If creditors disapprove of the liquidation and distribution plan, the Bankruptcy Court will assign the Bankruptcy Unit, where the debtor is supervised by the regulatory authority, to make the necessary amendments to the plan, taking into account the creditors’ comments and the opinion of the Trustee, in a way that achieves the common interest of the creditors or to submit an alternative plan within the time limit (Article 175).
Once the plan is approved, Court appointed Trustees will sell the debtor’s assets and distribute the proceeds to creditors according to the priority of their claims, as established by law. The law emphasizes liquidation as a measure of last resort, promoting business rescue where possible (Article 171).
If the proceeds from the sale of a secured asset are insufficient to cover the secured debt in full, the remaining balance is treated as an ordinary debt. Conversely, if the sale generates a surplus after the secured debt is settled, the excess amount is allocated to the unsecured creditors.
Composition
Composition involves creditors agreeing to accept a lesser amount than that which they are owed in order to receive immediate payment, in the hopes that creditors will receive something relatively quickly. A composition agreement for settling debts can be made after a final bankruptcy judgment (Article 191).
When Should Debtors Consider a Composition Agreement?
The debtor or creditor must submit the composition application to the Bankruptcy Department.
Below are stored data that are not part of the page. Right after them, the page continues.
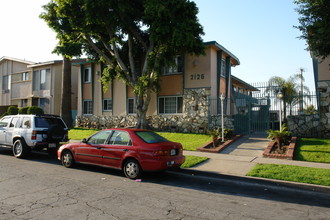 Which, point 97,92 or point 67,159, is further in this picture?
point 97,92

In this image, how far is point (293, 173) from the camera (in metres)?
7.62

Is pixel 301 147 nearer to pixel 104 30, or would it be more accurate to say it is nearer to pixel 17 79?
pixel 104 30

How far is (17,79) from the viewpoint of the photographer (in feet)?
100

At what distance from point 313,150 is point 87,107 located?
1821 centimetres

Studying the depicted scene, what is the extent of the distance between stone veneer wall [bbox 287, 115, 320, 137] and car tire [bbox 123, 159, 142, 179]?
10.1 meters

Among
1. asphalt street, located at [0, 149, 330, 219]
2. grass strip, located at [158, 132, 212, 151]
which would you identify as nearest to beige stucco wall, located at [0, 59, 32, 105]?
grass strip, located at [158, 132, 212, 151]

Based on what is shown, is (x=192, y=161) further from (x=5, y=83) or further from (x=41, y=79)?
(x=5, y=83)

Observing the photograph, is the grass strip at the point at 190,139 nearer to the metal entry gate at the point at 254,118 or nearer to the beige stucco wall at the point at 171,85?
the metal entry gate at the point at 254,118

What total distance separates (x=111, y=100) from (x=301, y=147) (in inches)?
576

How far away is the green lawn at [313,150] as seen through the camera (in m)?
9.77

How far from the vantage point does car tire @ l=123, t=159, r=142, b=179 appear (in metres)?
7.16

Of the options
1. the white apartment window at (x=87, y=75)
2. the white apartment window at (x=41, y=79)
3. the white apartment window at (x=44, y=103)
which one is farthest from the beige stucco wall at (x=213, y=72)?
the white apartment window at (x=44, y=103)

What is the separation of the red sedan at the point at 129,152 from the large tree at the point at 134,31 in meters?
7.76

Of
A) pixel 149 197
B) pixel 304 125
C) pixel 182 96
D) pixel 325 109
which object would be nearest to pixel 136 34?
pixel 182 96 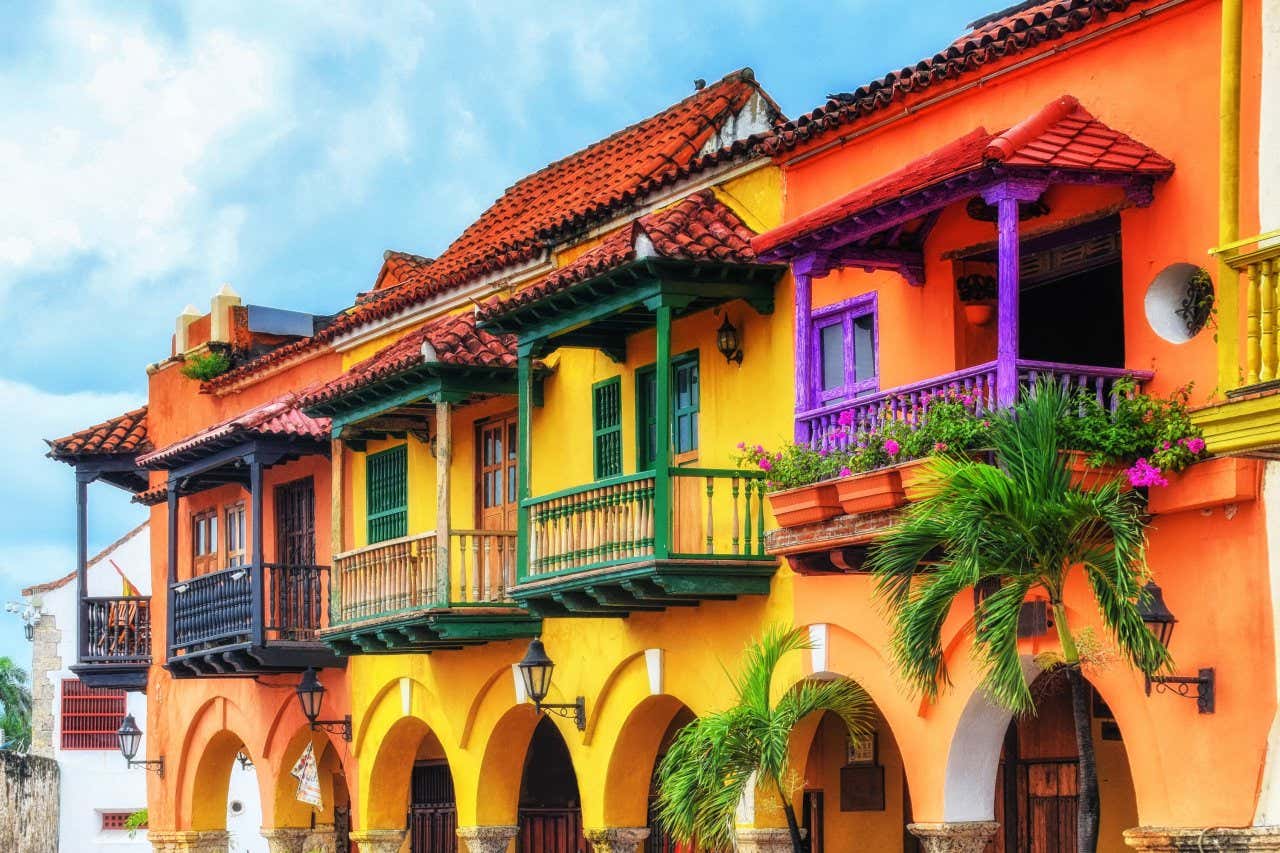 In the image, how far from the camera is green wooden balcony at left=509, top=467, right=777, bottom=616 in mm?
15594

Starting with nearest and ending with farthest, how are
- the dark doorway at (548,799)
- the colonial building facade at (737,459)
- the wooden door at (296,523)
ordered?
the colonial building facade at (737,459) → the dark doorway at (548,799) → the wooden door at (296,523)

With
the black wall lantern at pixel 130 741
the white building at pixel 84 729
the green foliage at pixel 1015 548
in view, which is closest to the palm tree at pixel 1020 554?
the green foliage at pixel 1015 548

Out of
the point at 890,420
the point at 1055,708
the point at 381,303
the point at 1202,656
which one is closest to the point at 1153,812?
the point at 1202,656

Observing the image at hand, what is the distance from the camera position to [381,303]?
21.8 meters

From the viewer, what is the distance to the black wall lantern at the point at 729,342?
1648 centimetres

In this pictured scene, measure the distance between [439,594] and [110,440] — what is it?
372 inches

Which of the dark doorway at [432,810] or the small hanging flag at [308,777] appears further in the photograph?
the dark doorway at [432,810]

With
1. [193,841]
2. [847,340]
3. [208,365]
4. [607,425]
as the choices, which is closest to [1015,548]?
[847,340]

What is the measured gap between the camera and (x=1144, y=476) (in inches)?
474

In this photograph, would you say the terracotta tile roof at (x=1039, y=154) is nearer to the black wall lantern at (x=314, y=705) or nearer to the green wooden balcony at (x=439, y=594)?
the green wooden balcony at (x=439, y=594)

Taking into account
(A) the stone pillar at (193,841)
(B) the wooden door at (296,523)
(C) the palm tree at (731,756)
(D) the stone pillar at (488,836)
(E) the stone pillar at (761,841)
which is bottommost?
(A) the stone pillar at (193,841)

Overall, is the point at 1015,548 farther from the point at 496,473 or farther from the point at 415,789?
the point at 415,789

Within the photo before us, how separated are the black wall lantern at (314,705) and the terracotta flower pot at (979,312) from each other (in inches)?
377

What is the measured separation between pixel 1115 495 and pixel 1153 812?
76.3 inches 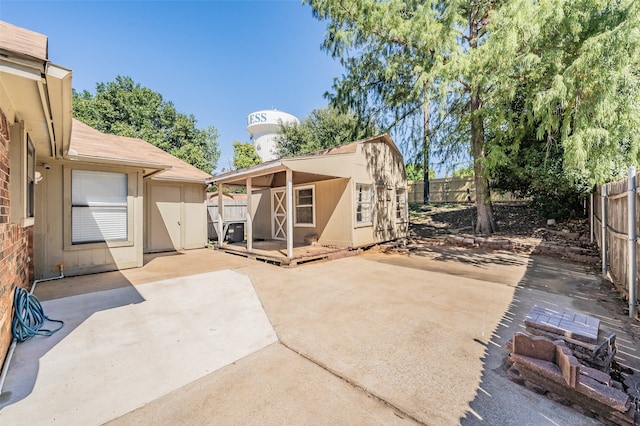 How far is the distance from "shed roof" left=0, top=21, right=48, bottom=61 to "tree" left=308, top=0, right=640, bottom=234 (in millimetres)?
8176

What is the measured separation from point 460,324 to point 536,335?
1.00 metres

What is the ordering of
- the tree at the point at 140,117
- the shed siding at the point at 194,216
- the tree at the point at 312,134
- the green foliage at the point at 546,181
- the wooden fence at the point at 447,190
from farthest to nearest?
the tree at the point at 312,134 → the tree at the point at 140,117 → the wooden fence at the point at 447,190 → the shed siding at the point at 194,216 → the green foliage at the point at 546,181

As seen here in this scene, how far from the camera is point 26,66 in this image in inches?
79.8

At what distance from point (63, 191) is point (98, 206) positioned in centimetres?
63

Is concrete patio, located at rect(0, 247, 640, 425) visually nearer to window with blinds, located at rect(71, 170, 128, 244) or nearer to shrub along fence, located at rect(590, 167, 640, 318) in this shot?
shrub along fence, located at rect(590, 167, 640, 318)

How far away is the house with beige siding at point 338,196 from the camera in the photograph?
7.64 metres

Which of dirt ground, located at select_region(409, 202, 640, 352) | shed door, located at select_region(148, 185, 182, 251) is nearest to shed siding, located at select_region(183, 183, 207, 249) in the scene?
shed door, located at select_region(148, 185, 182, 251)

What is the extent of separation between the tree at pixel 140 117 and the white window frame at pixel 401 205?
16.9 metres

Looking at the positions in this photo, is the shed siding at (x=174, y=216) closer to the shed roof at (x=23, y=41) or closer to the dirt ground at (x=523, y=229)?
the shed roof at (x=23, y=41)

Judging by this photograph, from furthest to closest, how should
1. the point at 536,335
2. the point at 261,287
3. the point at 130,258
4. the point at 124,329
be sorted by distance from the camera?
the point at 130,258 → the point at 261,287 → the point at 124,329 → the point at 536,335

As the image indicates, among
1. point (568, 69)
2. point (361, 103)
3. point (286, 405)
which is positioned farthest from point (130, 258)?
point (568, 69)

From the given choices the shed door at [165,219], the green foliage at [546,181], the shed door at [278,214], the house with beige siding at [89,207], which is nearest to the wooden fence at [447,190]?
the green foliage at [546,181]

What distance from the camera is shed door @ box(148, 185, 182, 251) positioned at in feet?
28.1

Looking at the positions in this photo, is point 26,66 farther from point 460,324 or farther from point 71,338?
point 460,324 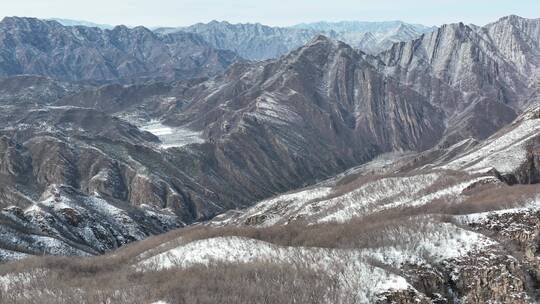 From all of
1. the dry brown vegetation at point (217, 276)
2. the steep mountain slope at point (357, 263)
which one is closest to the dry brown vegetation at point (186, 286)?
the dry brown vegetation at point (217, 276)

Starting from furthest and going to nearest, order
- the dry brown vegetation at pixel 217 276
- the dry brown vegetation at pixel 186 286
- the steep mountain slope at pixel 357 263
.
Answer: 1. the steep mountain slope at pixel 357 263
2. the dry brown vegetation at pixel 217 276
3. the dry brown vegetation at pixel 186 286

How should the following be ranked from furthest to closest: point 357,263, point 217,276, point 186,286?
point 357,263 < point 217,276 < point 186,286

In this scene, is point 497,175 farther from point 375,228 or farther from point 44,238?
point 44,238

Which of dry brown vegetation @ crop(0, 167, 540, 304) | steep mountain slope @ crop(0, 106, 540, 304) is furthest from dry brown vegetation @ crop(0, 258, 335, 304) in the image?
steep mountain slope @ crop(0, 106, 540, 304)

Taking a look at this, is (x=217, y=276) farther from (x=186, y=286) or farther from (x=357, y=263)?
(x=357, y=263)

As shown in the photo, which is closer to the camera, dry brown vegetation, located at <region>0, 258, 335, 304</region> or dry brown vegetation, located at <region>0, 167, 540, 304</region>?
dry brown vegetation, located at <region>0, 258, 335, 304</region>

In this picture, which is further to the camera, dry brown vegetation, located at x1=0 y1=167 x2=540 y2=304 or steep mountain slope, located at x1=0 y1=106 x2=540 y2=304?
steep mountain slope, located at x1=0 y1=106 x2=540 y2=304

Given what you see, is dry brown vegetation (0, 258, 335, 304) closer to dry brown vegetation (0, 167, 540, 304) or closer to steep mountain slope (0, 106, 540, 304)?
dry brown vegetation (0, 167, 540, 304)

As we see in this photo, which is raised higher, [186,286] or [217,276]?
[186,286]

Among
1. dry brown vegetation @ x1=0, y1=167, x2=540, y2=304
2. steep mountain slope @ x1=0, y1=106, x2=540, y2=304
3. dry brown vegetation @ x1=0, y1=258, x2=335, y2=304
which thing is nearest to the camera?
dry brown vegetation @ x1=0, y1=258, x2=335, y2=304

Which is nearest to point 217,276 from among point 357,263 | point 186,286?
point 186,286

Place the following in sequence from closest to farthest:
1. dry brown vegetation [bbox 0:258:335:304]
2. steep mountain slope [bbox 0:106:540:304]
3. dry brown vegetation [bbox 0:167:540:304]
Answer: dry brown vegetation [bbox 0:258:335:304] → dry brown vegetation [bbox 0:167:540:304] → steep mountain slope [bbox 0:106:540:304]

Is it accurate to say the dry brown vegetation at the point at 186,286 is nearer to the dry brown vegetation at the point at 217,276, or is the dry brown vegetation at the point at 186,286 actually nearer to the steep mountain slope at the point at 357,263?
the dry brown vegetation at the point at 217,276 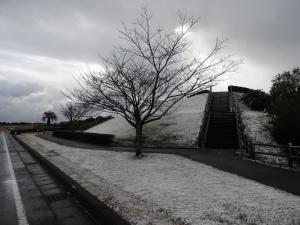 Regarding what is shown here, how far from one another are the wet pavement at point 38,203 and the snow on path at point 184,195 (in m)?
0.69

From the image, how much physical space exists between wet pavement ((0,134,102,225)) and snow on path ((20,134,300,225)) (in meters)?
0.69

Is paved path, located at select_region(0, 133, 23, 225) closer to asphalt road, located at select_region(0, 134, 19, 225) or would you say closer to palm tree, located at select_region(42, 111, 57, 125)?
asphalt road, located at select_region(0, 134, 19, 225)

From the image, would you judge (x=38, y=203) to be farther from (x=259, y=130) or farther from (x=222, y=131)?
(x=259, y=130)

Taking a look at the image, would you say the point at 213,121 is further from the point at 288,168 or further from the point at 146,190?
the point at 146,190

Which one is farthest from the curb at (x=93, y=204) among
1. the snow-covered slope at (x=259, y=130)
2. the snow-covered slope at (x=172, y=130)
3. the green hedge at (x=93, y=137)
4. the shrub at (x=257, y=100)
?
the shrub at (x=257, y=100)

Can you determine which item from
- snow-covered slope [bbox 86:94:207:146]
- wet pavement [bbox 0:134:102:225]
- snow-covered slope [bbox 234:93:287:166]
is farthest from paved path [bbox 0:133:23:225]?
snow-covered slope [bbox 86:94:207:146]

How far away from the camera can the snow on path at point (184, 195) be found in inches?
229

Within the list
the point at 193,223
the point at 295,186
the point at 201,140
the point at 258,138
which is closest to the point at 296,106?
the point at 258,138

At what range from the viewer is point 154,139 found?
23.2 metres

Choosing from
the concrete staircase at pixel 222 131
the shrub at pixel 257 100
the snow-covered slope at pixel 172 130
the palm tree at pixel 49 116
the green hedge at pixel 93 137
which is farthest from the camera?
the palm tree at pixel 49 116

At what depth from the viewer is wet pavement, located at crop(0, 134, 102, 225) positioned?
6.11 meters

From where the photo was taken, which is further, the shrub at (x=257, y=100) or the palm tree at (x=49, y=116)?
the palm tree at (x=49, y=116)

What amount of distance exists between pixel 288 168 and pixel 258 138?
26.9ft

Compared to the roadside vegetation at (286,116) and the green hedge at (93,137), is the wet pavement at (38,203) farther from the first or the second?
the roadside vegetation at (286,116) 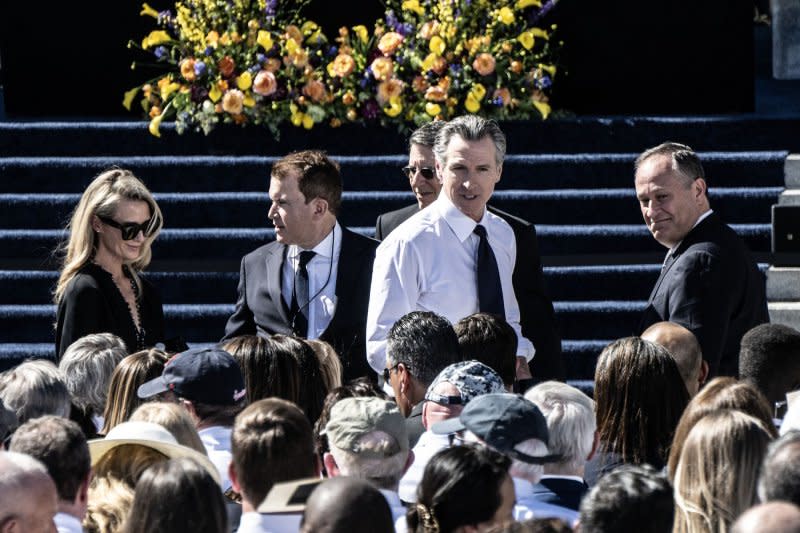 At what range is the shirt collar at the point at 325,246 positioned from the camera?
273 inches

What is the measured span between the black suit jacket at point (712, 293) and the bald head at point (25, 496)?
3257mm

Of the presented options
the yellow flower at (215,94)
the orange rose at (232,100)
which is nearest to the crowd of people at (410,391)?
the orange rose at (232,100)

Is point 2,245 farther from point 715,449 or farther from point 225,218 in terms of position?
point 715,449

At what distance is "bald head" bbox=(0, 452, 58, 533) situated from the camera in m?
3.56

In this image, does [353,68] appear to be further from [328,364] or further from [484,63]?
[328,364]

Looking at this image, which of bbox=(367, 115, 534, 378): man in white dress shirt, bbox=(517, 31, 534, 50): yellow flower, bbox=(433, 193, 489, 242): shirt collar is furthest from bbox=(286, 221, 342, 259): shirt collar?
bbox=(517, 31, 534, 50): yellow flower

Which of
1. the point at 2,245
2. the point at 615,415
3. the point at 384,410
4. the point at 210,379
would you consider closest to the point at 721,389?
the point at 615,415

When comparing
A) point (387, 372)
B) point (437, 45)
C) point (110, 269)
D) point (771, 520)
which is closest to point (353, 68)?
point (437, 45)

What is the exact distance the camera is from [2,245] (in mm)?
9789

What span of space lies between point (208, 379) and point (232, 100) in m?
4.84

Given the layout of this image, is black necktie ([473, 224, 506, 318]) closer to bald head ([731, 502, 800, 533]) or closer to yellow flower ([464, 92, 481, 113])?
yellow flower ([464, 92, 481, 113])

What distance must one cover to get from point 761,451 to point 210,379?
5.94 feet

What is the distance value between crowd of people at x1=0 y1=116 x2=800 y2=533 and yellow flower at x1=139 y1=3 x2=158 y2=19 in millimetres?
2985

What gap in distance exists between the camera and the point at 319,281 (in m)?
6.90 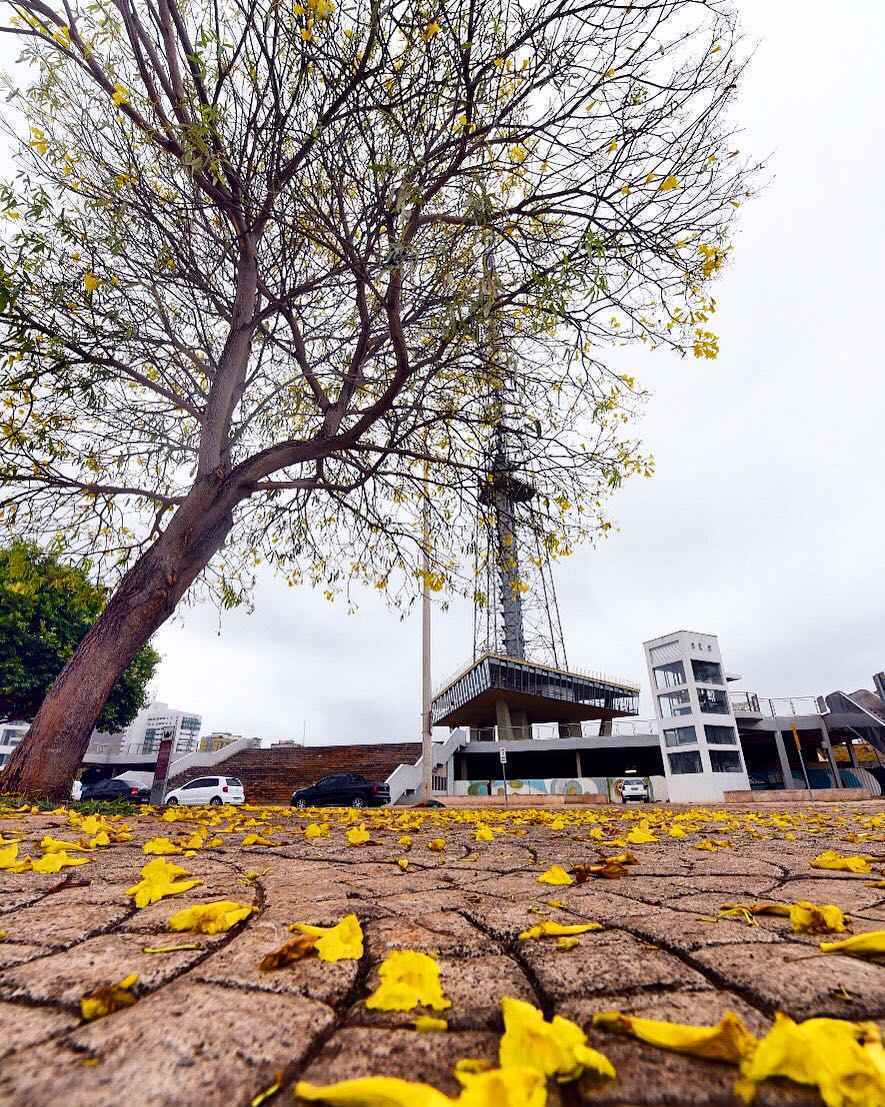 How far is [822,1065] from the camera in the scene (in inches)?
23.5

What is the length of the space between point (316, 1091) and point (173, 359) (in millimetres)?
7601

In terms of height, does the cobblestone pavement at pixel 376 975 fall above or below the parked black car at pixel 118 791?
below

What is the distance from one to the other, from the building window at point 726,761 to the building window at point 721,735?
390mm

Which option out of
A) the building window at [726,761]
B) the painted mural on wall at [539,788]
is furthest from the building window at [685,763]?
the painted mural on wall at [539,788]

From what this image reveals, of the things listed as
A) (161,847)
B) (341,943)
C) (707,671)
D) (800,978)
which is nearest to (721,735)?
(707,671)

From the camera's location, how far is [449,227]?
5293mm

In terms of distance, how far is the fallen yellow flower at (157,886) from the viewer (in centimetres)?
155

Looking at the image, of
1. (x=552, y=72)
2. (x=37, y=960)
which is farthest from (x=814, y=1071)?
(x=552, y=72)

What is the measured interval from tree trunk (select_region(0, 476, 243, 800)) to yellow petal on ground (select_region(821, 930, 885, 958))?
555cm

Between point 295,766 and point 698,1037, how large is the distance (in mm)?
24419

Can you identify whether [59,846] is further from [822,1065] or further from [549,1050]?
[822,1065]

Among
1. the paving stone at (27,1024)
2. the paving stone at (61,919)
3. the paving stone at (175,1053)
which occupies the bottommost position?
the paving stone at (27,1024)

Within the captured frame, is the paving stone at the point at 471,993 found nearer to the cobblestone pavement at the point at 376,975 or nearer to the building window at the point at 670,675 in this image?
the cobblestone pavement at the point at 376,975

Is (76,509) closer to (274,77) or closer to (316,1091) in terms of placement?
(274,77)
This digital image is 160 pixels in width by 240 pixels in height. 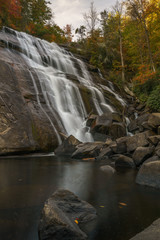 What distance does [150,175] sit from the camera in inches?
189

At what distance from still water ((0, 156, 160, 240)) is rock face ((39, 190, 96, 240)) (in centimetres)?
17

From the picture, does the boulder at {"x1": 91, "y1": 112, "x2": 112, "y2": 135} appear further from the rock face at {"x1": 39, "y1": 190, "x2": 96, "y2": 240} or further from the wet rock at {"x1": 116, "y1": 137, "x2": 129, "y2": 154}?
the rock face at {"x1": 39, "y1": 190, "x2": 96, "y2": 240}

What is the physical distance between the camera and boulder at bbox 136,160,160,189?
15.2ft

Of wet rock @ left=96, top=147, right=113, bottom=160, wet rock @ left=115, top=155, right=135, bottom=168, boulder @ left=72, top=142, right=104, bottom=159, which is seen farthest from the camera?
boulder @ left=72, top=142, right=104, bottom=159

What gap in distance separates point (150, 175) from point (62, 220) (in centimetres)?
309

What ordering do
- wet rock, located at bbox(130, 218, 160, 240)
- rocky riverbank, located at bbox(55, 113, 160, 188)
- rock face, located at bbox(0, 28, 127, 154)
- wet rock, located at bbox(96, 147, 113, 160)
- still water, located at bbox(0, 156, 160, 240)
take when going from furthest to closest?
rock face, located at bbox(0, 28, 127, 154) < wet rock, located at bbox(96, 147, 113, 160) < rocky riverbank, located at bbox(55, 113, 160, 188) < still water, located at bbox(0, 156, 160, 240) < wet rock, located at bbox(130, 218, 160, 240)

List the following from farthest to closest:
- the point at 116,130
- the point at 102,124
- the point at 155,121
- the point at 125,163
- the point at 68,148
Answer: the point at 116,130 → the point at 102,124 → the point at 68,148 → the point at 155,121 → the point at 125,163

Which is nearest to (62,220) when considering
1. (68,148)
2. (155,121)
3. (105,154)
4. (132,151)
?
(132,151)

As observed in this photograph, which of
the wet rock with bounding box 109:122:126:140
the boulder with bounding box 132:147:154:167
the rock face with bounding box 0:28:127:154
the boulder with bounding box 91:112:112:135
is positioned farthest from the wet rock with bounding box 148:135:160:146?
the rock face with bounding box 0:28:127:154

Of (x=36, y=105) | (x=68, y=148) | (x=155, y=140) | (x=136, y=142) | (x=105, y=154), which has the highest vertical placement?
(x=36, y=105)

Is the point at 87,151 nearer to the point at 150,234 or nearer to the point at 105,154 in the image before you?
the point at 105,154

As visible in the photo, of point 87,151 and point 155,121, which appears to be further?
point 155,121

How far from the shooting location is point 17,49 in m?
17.6

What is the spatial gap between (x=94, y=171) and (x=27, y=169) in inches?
90.0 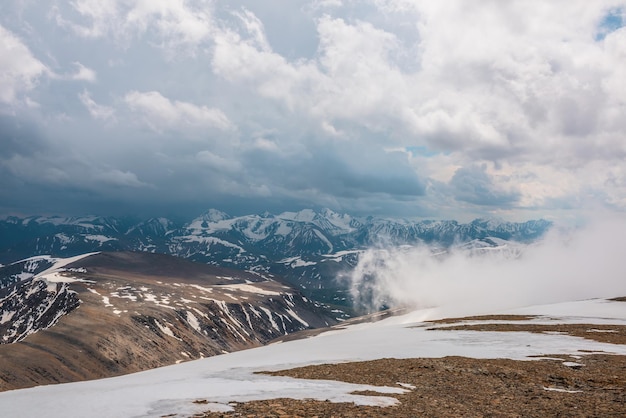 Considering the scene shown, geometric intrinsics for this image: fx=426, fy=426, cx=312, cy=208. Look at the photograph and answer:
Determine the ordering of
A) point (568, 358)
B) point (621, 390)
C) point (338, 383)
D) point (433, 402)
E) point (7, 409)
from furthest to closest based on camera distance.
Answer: point (568, 358), point (338, 383), point (621, 390), point (433, 402), point (7, 409)

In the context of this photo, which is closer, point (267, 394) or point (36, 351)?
point (267, 394)

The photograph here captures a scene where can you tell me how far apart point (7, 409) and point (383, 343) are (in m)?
28.5

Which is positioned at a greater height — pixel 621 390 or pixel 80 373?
pixel 621 390

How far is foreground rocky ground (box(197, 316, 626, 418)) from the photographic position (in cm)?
1457

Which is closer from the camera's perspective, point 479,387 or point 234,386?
point 234,386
This application should (Article 192):
- Detail the proposed composition terms
- Be accompanied by an updated list of creditors along with the amounts they are owed as of the submission date.
No composition is allowed if the insolvent debtor has been convicted of bankruptcy fraud (Article 191).
- If the debtor is being investigated for bankruptcy fraud, the review of the composition request must be delayed until the investigation concludes.
- A debtor convicted by default for bankruptcy does not automatically lose the chance to enter into a composition agreement; the court has discretion in these matters.
- In these cases, creditors have the right to ask the court to either proceed with or postpone the review of the composition proposal.
The trustee must inform the Bankruptcy Department of the creditors’ approval or rejection of the composition. If the creditors approve the composition, it will be ratified by the Bankruptcy Court. The ratified composition is binding on all creditors entitled to vote, as well as those who approved, opposed, or objected to it, including those who did not attend the meeting (Article 196).
All consequences associated with bankruptcy will end once a decision is made to terminate the bankruptcy proceedings based on the successful completion of a composition agreement (Article 200).
If the composition is held invalid or rescinded, creditors will recover their full debts only regarding the insolvent debtor. If a creditor has not received any payment from their share under the composition, their full original debt remains recognized within the creditor group. However, if a creditor has already received some payment, the amount of their debt will be reduced proportionally to what they have collected (Article 210).
Key Takeaways
- Creditors must stay informed and actively participate in meetings.
- Voting outcomes directly impact liquidation or restructuring paths.
- The bankruptcy court safeguards creditor interests and oversees fairness.
Checklist – Creditors’ Action Points
- Verify your claims are approved to gain voting rights.
- Attend creditors’ meetings or appoint representatives.
- Carefully review liquidation or composition plans before voting.
- Participate in second meetings if initial approval fails.
- Submit comments or objections timely to influence plan amendments.
Conclusion
Understanding the bankruptcy and liquidation framework under UAE law is crucial for managing insolvency risks and protecting stakeholder interests. The law balances creditor rights with the opportunity for debtors to restructure or orderly wind down operations. By grasping the initiation procedures, liquidation options, creditor involvement, and composition mechanisms, businesses and creditors can better plan their next steps in financial distress situations.
For tailored advice and support navigating these procedures, consulting with an experienced law firm in UAE like Economic Law Partners early in any financial distress or restructuring process is essential. Contact us today to learn how our bankruptcy lawyers can assist with effectively managing risks, navigating complex legal requirements, and maximizing opportunities for business continuity.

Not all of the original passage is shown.